In einem Interview mit France Info am Sonntag erklärte die Präsidentin der Nationalversammlung, Yaël Braun-Pivet, sie sei „offensichtlich dafür“ , dass die Debatte abgehalten werde, enttäuschte damit aber die Hoffnungen der Gegner: Diese Diskussion könne „auf keinen Fall zu einem Rückschlag des verabschiedeten Gesetzes führen“, warnte sie.
Andererseits könnte diese Möglichkeit auch vom Verfassungsrat ausgehen. Abgeordnete der LFI, der Grünen und der Kommunisten legten am 11. Juli Berufung ein und argumentierten, das Gesetz sei mit den Anforderungen des Umweltschutzes und dem Recht auf Gesundheit unvereinbar. Eine andere Möglichkeit wäre, dass der Präsident der Republik das Parlament um eine Neuberatung des Gesetzes oder einzelner seiner Artikel bittet.
Marine Tondelier, die nationale Sekretärin der Ökologen , appellierte in einem auf X veröffentlichten Video an das Staatsoberhaupt: „Noch nie haben so viele Menschen eine Petition gegen ein verabschiedetes Gesetz unterzeichnet (...). Wir müssen eine zweite Beratung des Duplomb-Gesetzes fordern. Sie haben die Macht, Herr Emmanuel Macron, das französische Volk bittet Sie darum.“ Der Präsident der Republik könnte auch einfach beschließen, dieses Gesetz nicht zu verkünden.

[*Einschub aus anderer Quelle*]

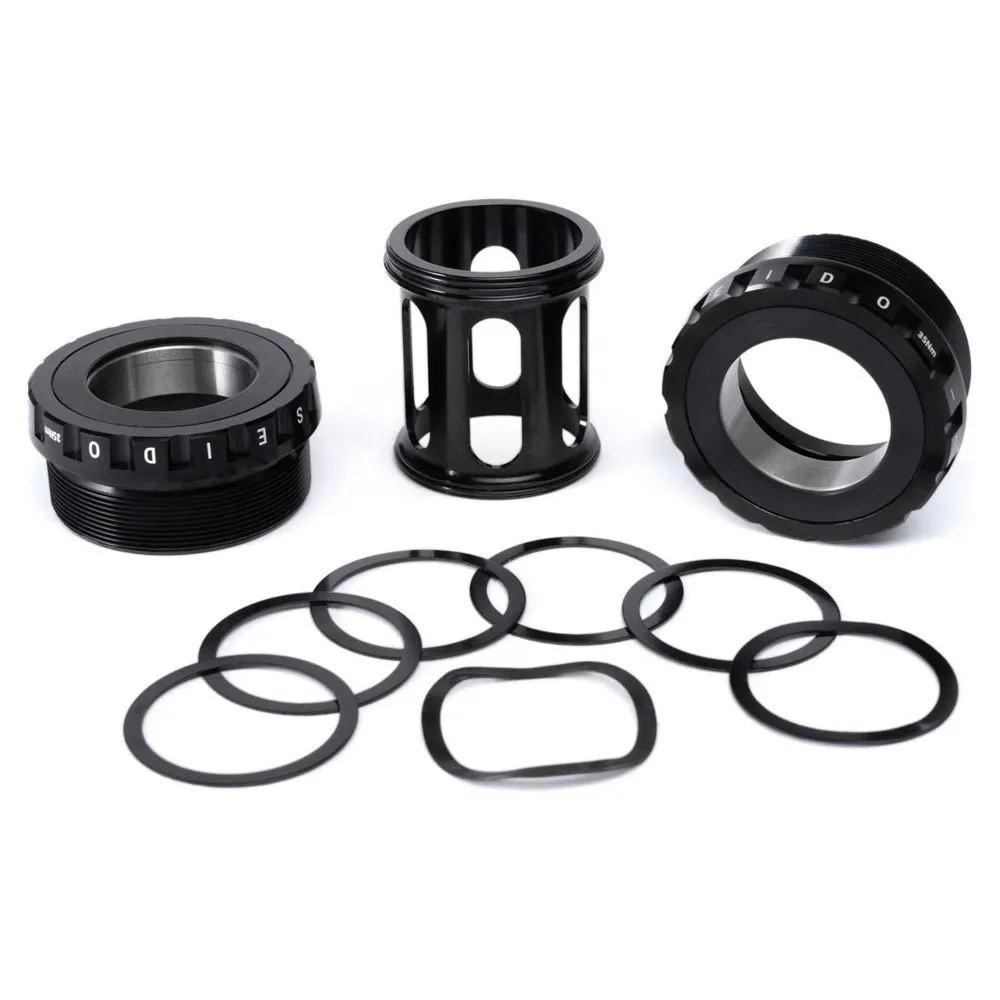 SEIDO T47 Trac Externe 30 Mm Vevlagerskoppar, Black, 68mm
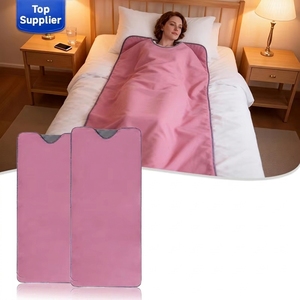 Couverture de sauna infrarouge professionnelle <span class=keywords><strong>Eyco</strong></span> Home, enveloppante, avec fermeture éclair et trous pour les bras, pour soulager les douleurs corporelles - Product Image 1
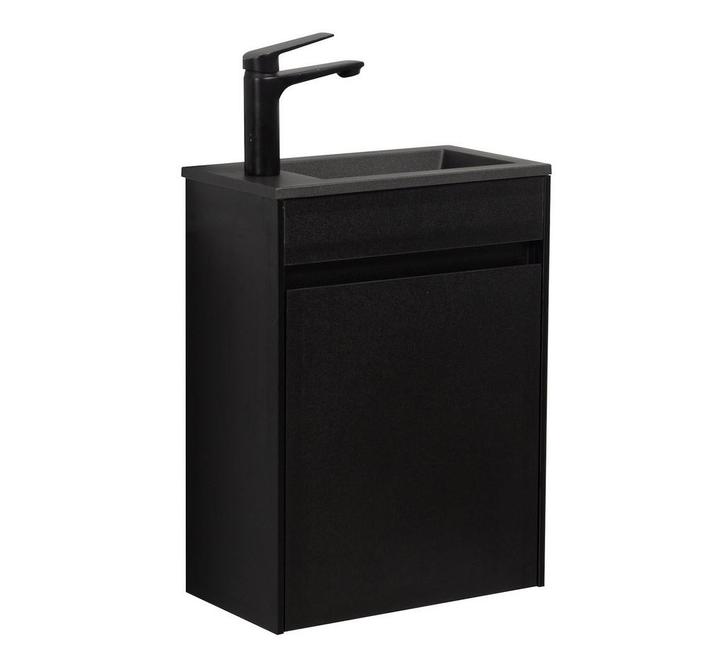 Toiletmeubel Sinta 40 x 22 cm Zwart Fonteinmeubel, Doe-het-zelf en Bouw, Sanitair, Nieuw, Verzenden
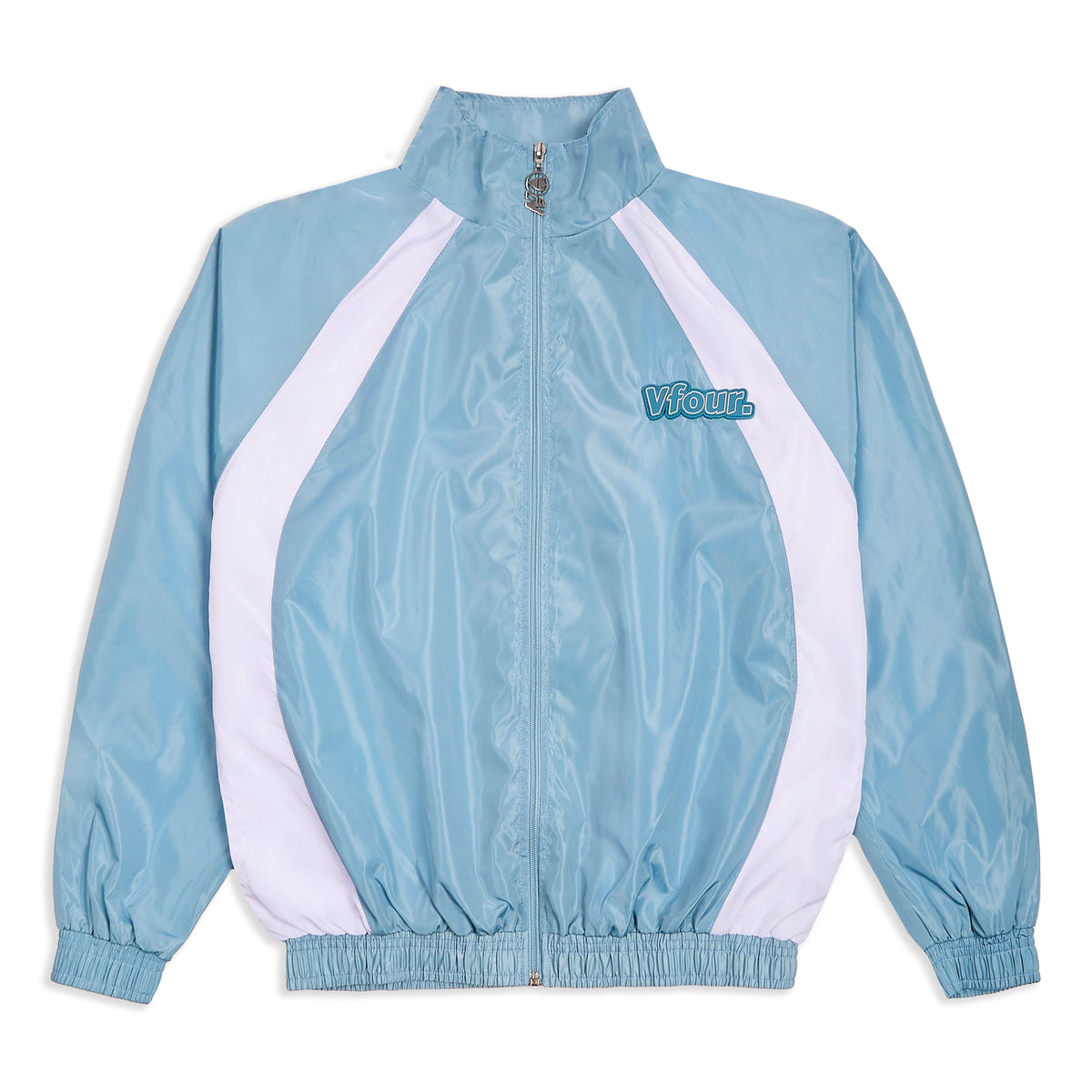 Vfour Ldn Blue Windbreaker Jacket — S — Front View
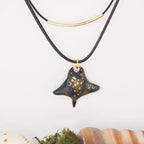Collier raie léopard double rang - Océane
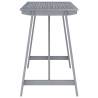 Stylish Garden Bar Table Grey - 140x70 cm Solid Acacia Wood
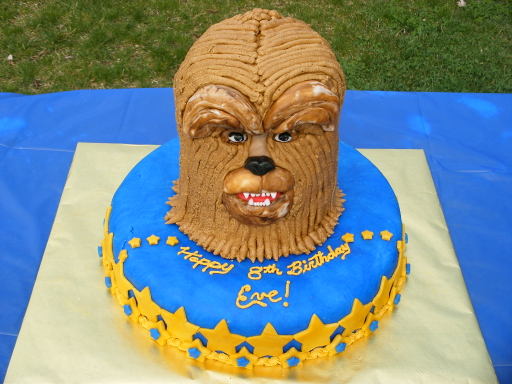 Chewbacca Cake
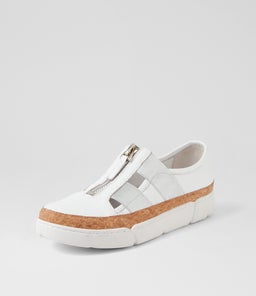TENI DJ WHITE SILVER LEATHER ELASTIC
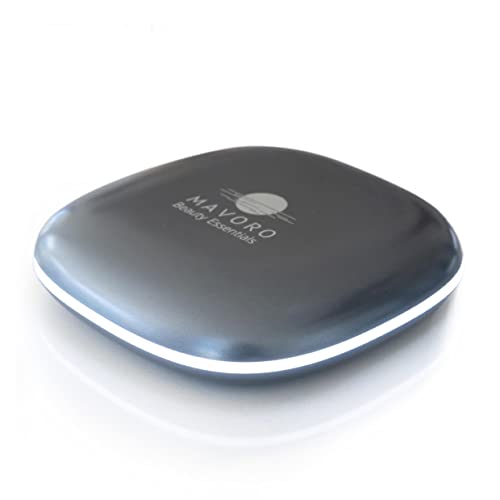 Mavoro LED Lighted Travel Makeup Mirror | 1x/10x Magnification | Rechargeable USB-C | Pocket & Purse Portable Lighted Travel Makeup Compact Mirror Beauty & Personal Care Mavoro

Genug, um seinen Anhängern kalten Schweiß auszulösen. Auf France Info äußerte Senator Laurent Duplomb seinen Ärger über diese „Bittsteller, die sich wie Sandrine Rousseau nicht um die Rentabilität wirtschaftlicher Aktivitäten scheren“ und war von ihren Umweltambitionen bewegt: „Die Realität dessen, was die Ökologie fordert (...), ist das Ende der französischen Landwirtschaft.“
Die gleiche Dramatisierung erlebte Arnaud Rousseau, der Chef der FNSEA , der in einer Pressemitteilung erklärte: „Die Wahl ist klar: Entweder setzen wir auf eine französische Landwirtschaft mit Standards, die denen der europäischen Länder entsprechen, damit wir durchkommen, oder wir setzen höhere Standards durch, und unsere Landwirtschaft wird verschwinden . “ Eine Art Thatcher-artiges „Es gibt keine Alternative“ (Anmerkung der Redaktion: Es gibt keine andere Wahl), allerdings in einer landwirtschaftlichen Version. Auch hier ein Novum.